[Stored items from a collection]

++++++++

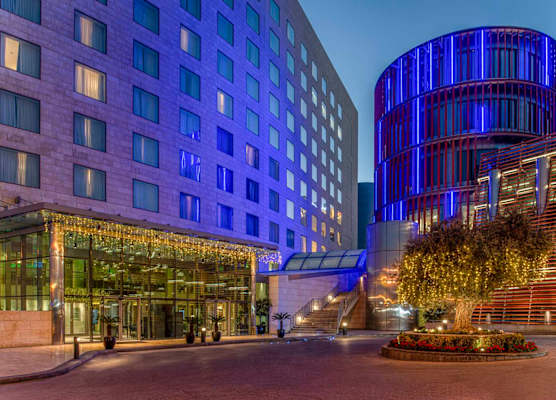 Signia by Hilton Amman 1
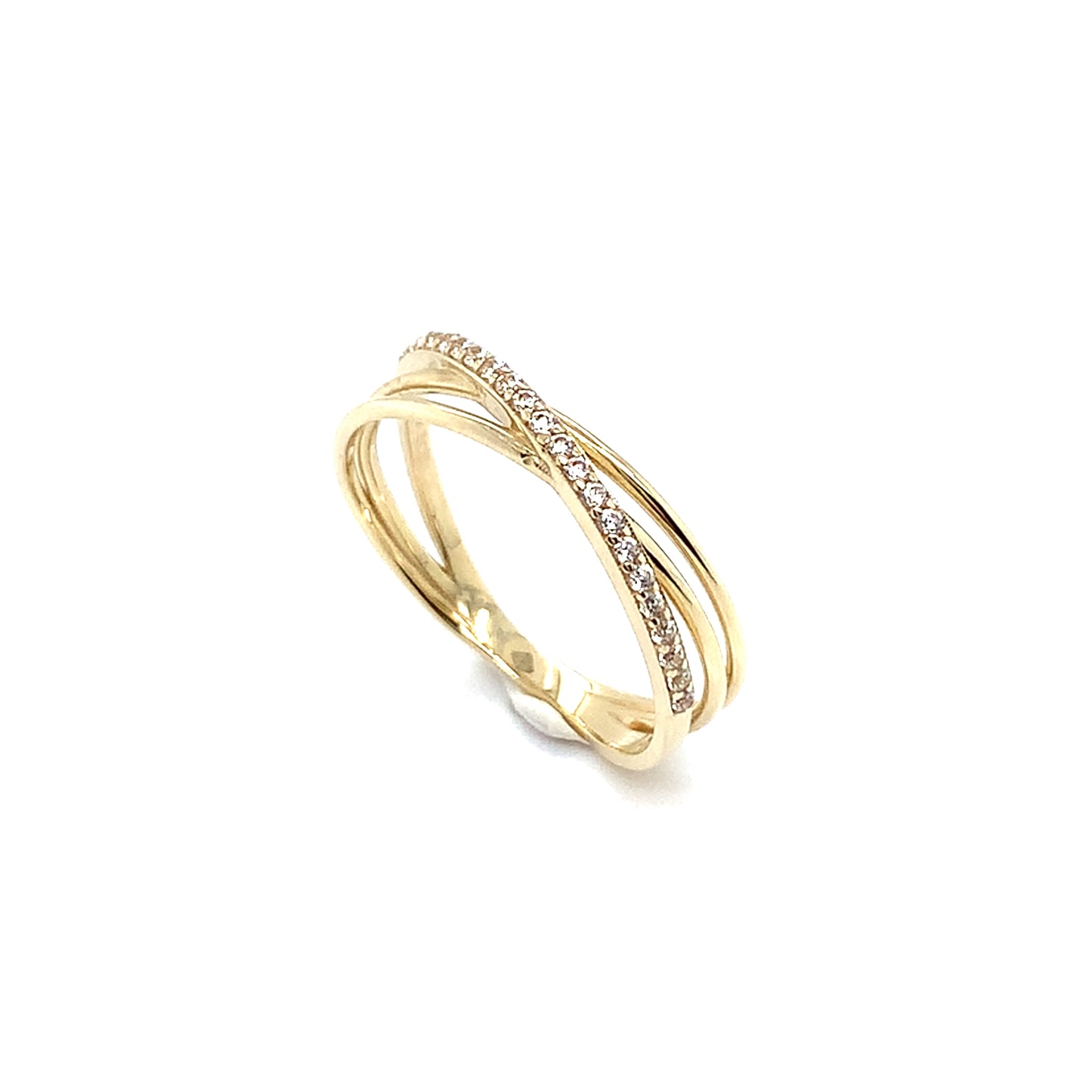 Bague en or pour femme SC-BA-203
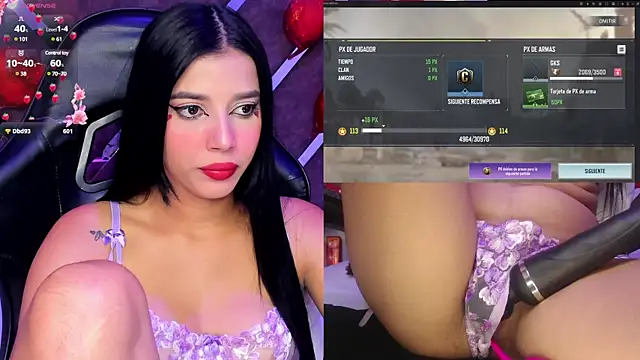Snapshot of SweetieCloe_ chatting on 02-15-25, 01:10 SweetieCloe online show from 02-15-25, 01:10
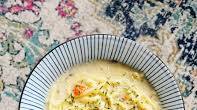Creamy Chicken Noodles Creamy Chicken Noodles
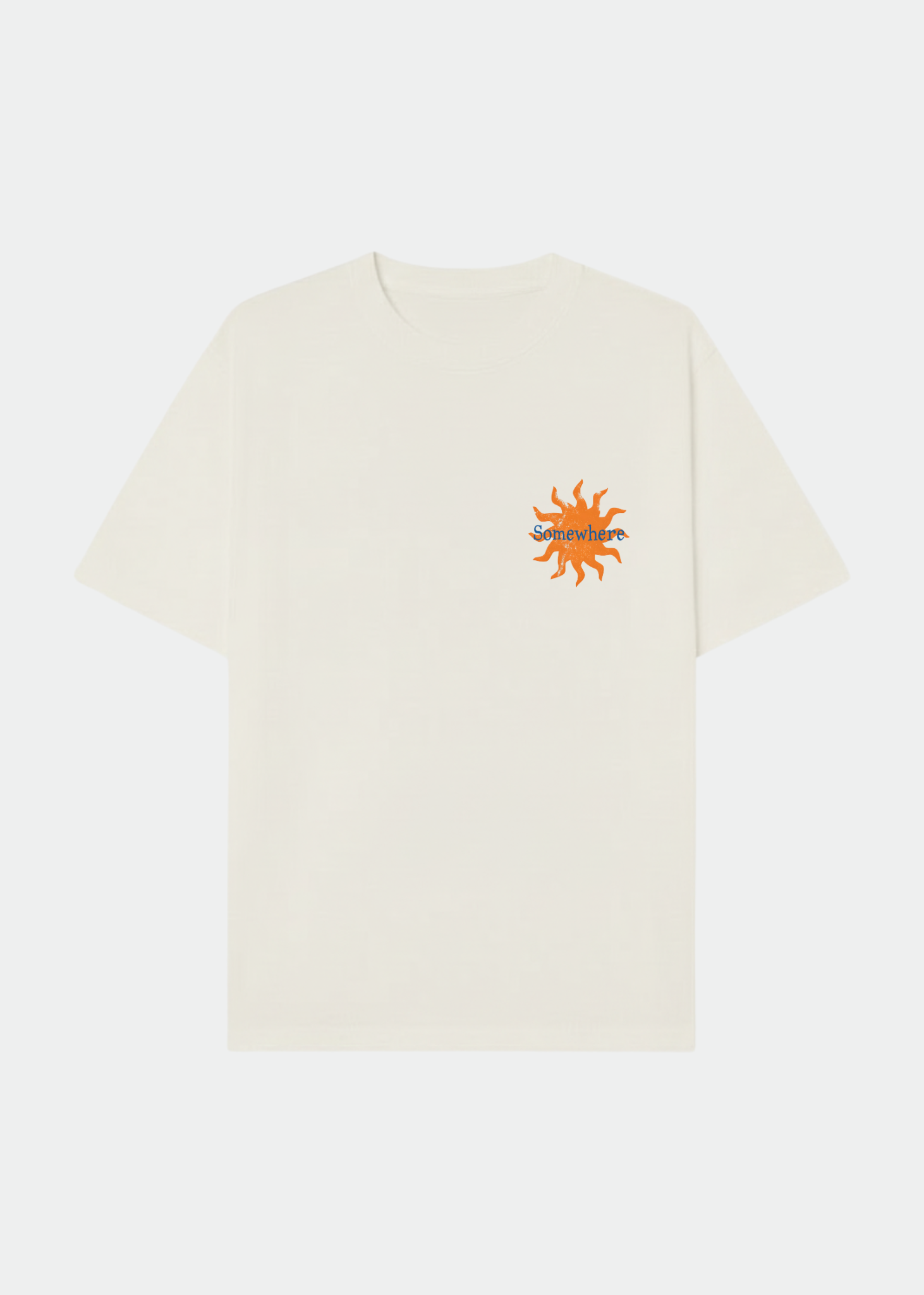 ICONIC SUNSET TEE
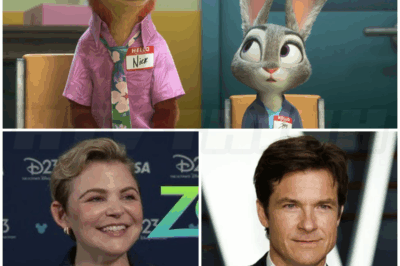 ♌ – Ginnifer Goodwin and Jason Bateman return in ‘Zootopia 2’ trailer, along with new characters!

++++++++

WHAT IS NEEDED
Copy each entry exactly as written. Images should not appear in the copy.

RESULT OF THIS TASK
 Signia by Hilton Amman 1
 Bague en or pour femme SC-BA-203
Snapshot of SweetieCloe_ chatting on 02-15-25, 01:10 SweetieCloe online show from 02-15-25, 01:10
Creamy Chicken Noodles Creamy Chicken Noodles
 ICONIC SUNSET TEE
 ♌ – Ginnifer Goodwin and Jason Bateman return in ‘Zootopia 2’ trailer, along with new characters!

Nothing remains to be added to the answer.